▶ Directions: Look below for the line holding "Descombe Sauvignon Blanc, Vin de France" and the line holding "The Top 10 Applications". Repeat those two and everything between, exactly.

▶ Dataset excerpts:
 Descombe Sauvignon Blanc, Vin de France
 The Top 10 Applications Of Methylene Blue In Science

--

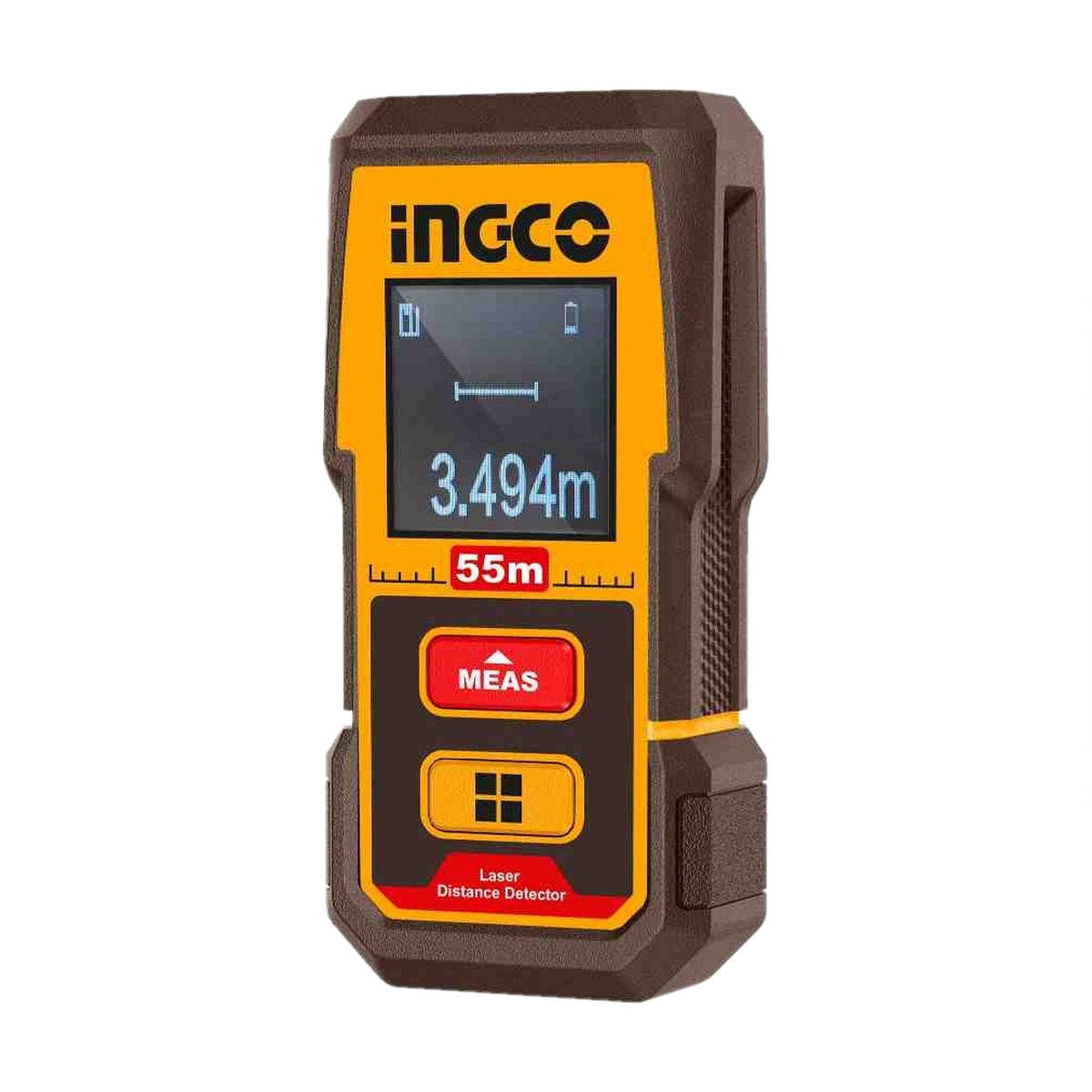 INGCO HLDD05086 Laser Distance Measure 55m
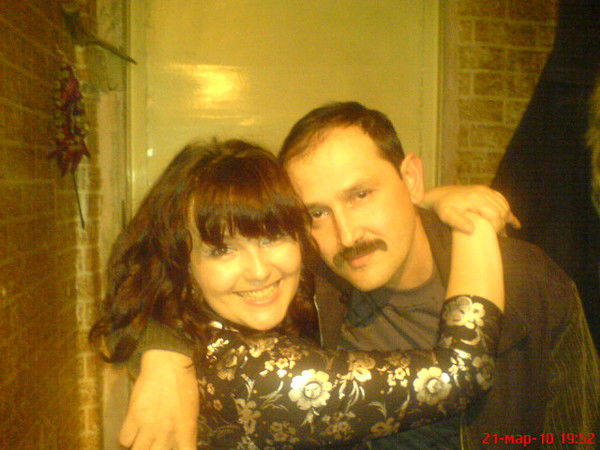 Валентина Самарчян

...

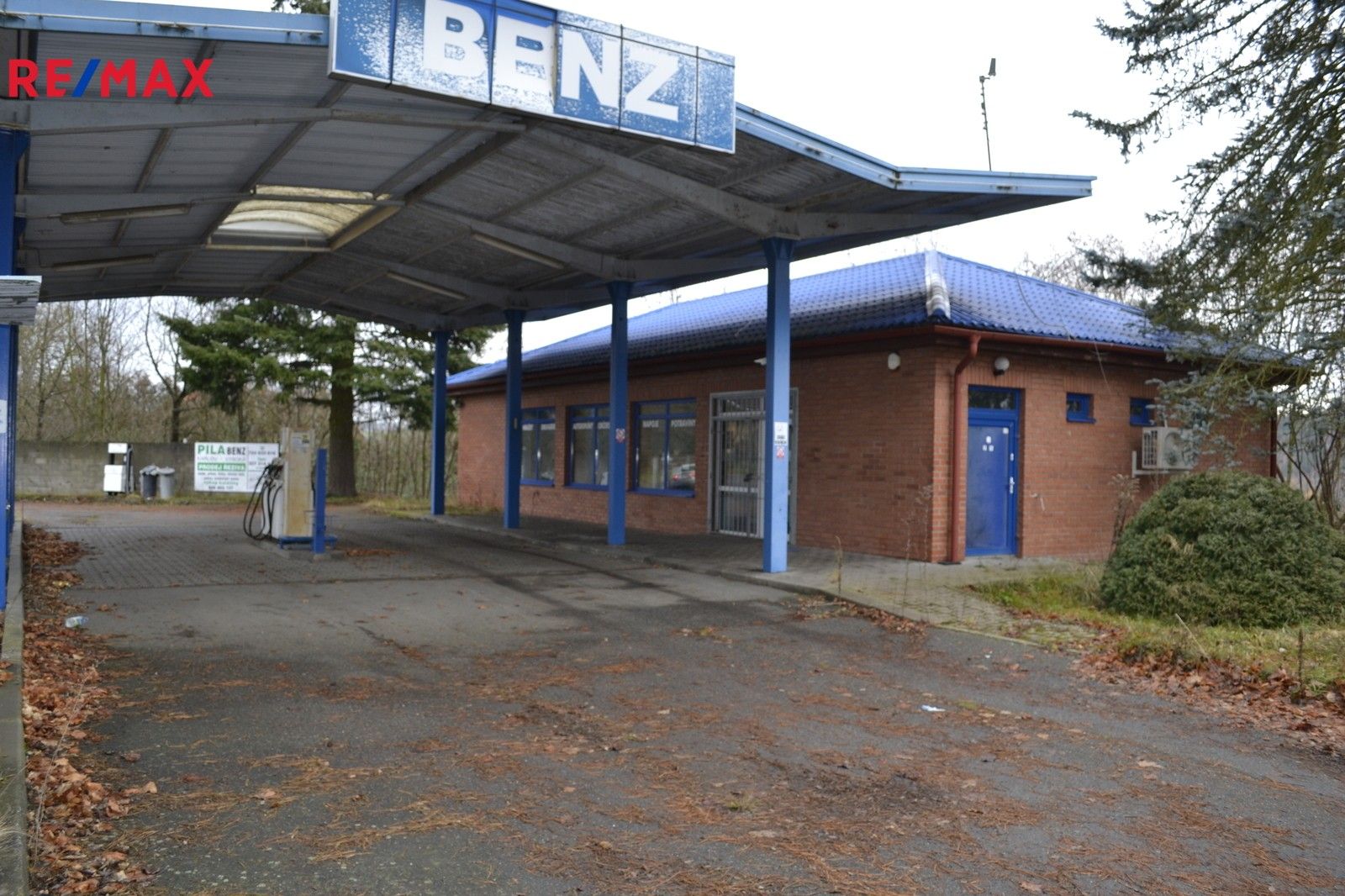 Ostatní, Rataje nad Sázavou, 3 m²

▶ Response area:
 Descombe Sauvignon Blanc, Vin de France
 The Top 10 Applications Of Methylene Blue In Science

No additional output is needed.